Usually, the way to submit, check, and kill a job depends on the
scheduling system and on the way it is installed.
To make your life easier, the RPN environment contains a set of tools that
will do all these "adjustments" for you and that you can always get used
the same way. They will basically do a "translation" for you.
To submit any job on our UQAM servers, always
use the command 'soumet'.
On the Compute Canada clusters it is up to you if you want to use soumet
or not.
"Soumet" can only get used to submit shell
scripts! If you want to submit anything else, for example
an executable, you need to create a script first which executes the
executable.
The scripts that will get executed to not know from which directory the
job got submitted. Therefore, if you want to run a script in a certain
directory, make sure you 'cd' into this directory first!
The command to submit a job/script could look like this:
soumet jobname [ -t time_in_seconds -listing listing-directory -jn listing_name -cpus number_of_cpus -mpi ]
Where:
'jobname' is the name of the shell script, also called job, you want to submit.
'-t time_in_seconds'
specifies the wallclock in seconds time you acquire for the job. Even if
the job is not finished after this time expired the job will get
terminated. So better always ask for enough time. However, on larger
clusters like Compute Canada clusters jobs asking for more time will be
queued longer.
On our UQAM systems the default wallclock time for single CPU/core jobs is
10 days. For multi core jobs the default time is 1 minute.
'-jn listing_name' specifies the name of the listing or log file of the job. Everything that would appear on the screen when running the job interactively will now get written into this file. The default listing name is the basename of the job.
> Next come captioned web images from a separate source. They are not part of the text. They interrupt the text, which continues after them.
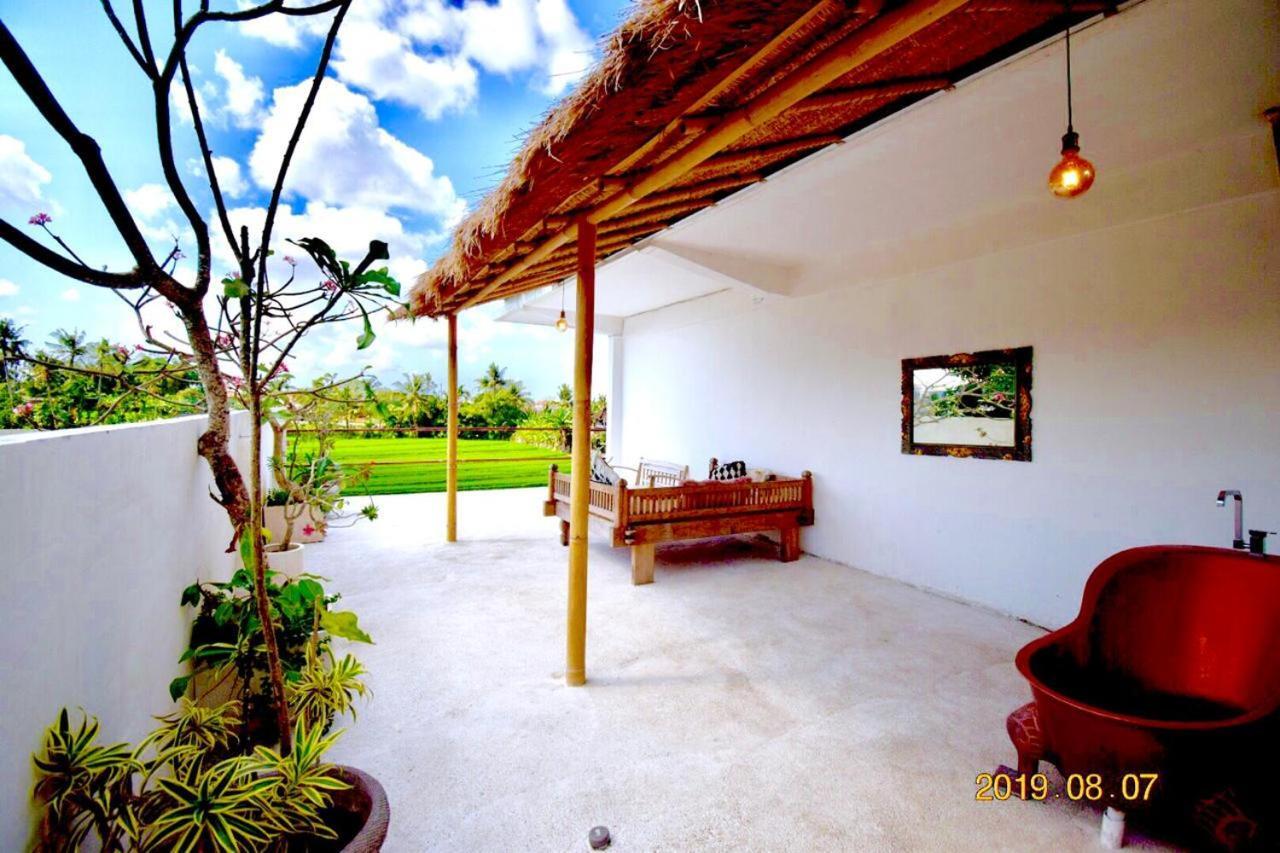 Villa Lotus 8 Canggu Extérieur photo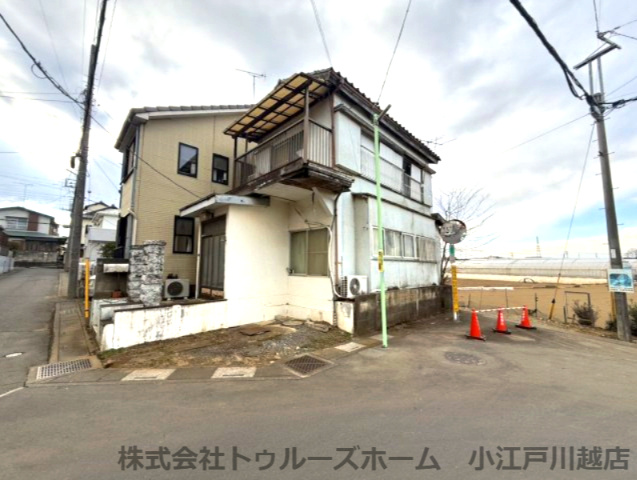【外観】 | 川越市大字砂久保　売地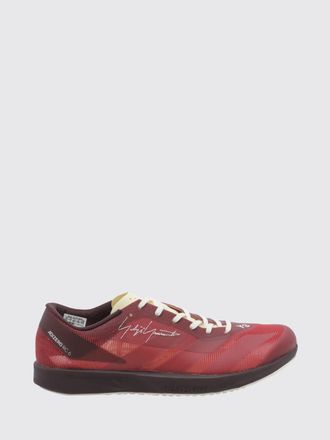 Yohji Yamamoto Sneakers Men color Red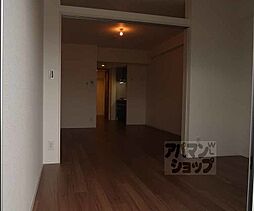 スワンズ京都東寺ガーデン 411 4階1LDKのリビング/ダイニング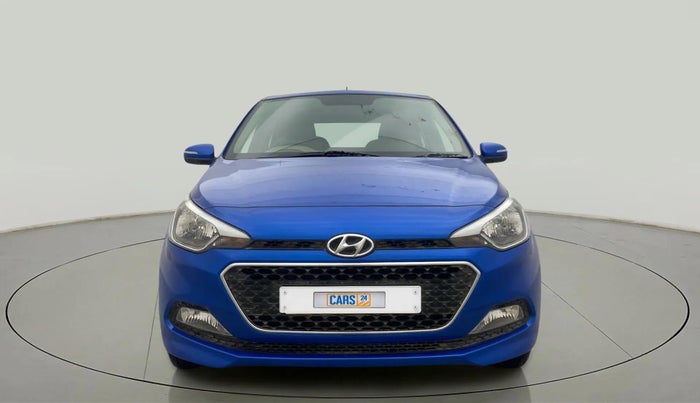 2017 Hyundai Elite i20 ASTA 1.2, Petrol, Manual, 24,044 km, Front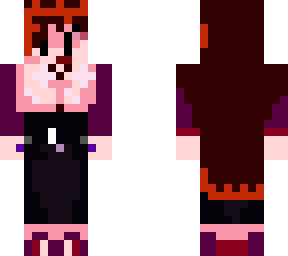 Trepidation GF (alt v2) | Minecraft Skin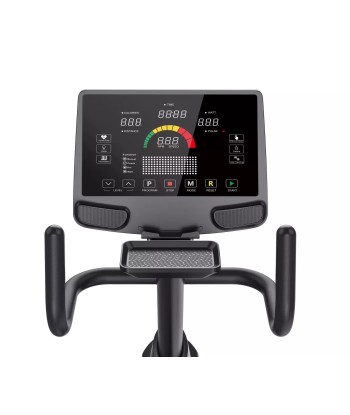 Rower Treningowy Elektromagnetyczny Poziomy R11 V4 LED HRC Gymost.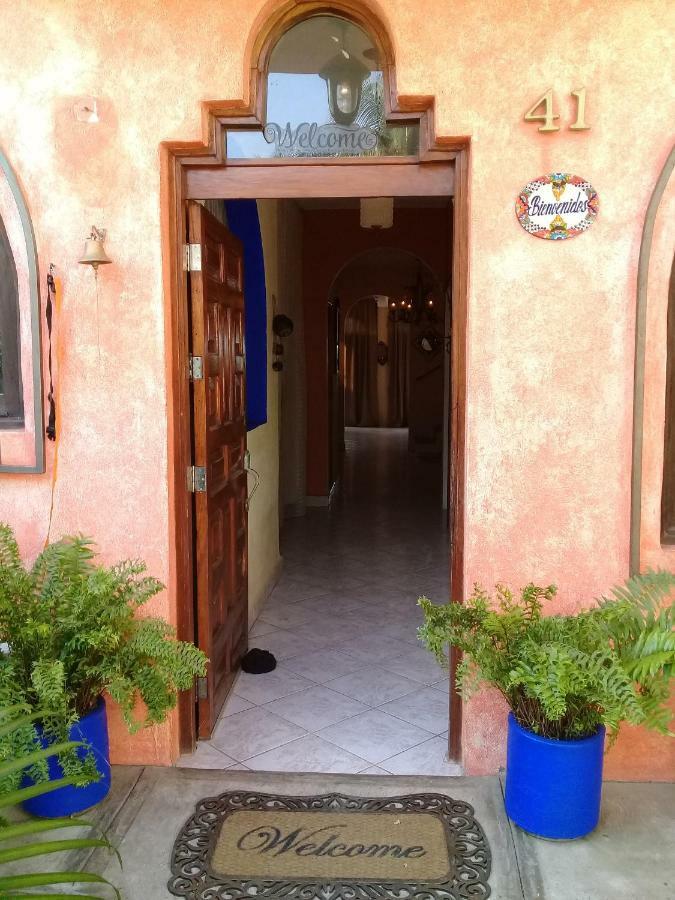 Casa Punta Perula Bed And Breakfast Hotel מראה חיצוני תמונה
'-listing listing-directory'
specifies the directory in which the listing will get written. The default
directory is:
~/listings/${TRUE_HOST}
If you want to use the default directory, you should first create the
directory ~/listings and then create a symbolic link inside that
directory, pointing to a place where you have more space, for example to a
directory (that you have to create!) under your data space:
mkdir -p /dataspace/Listings
mkdir ~/listings
ln -s /dataspace/Listings
~/listings/${TRUE_HOST}
Replace 'dataspace' with the full name of your data directory.
'-cpus number_of_cpus'
specifies the number of cpus you want to use when running the job in
parallel using MPI and/or OpenMP. The syntax is the following: MPIxOpenMP
For example, if you want to use 4 MPI processes and 2 OpenMP processes you
would write: -cpus 4x2
If you want to use pure MPI with MPI=4 processes you would write:
-cpus 4x1 or simply -cpus 4
If you want to use pure OpenMP with OpenMP=2 processes you would
write: -cpus 1x2
The default is 1x1.
'-mpi' needs to get added when running a script (or the executable that will get executed within the script) with MPI.
To get more information about the command simply execute:
soumet -h
As said above, also the way to check (and kill) jobs depends on the queueing system. Therefore, we created a script called 'qs' which you can find in my ovbin:
~winger/ovbin/qs
On our UQAM servers as well as on Beluga (when using the RPN environment) you already have an alias pointing to the above command, called:
qs
Depending on the machine, this might be an alias again.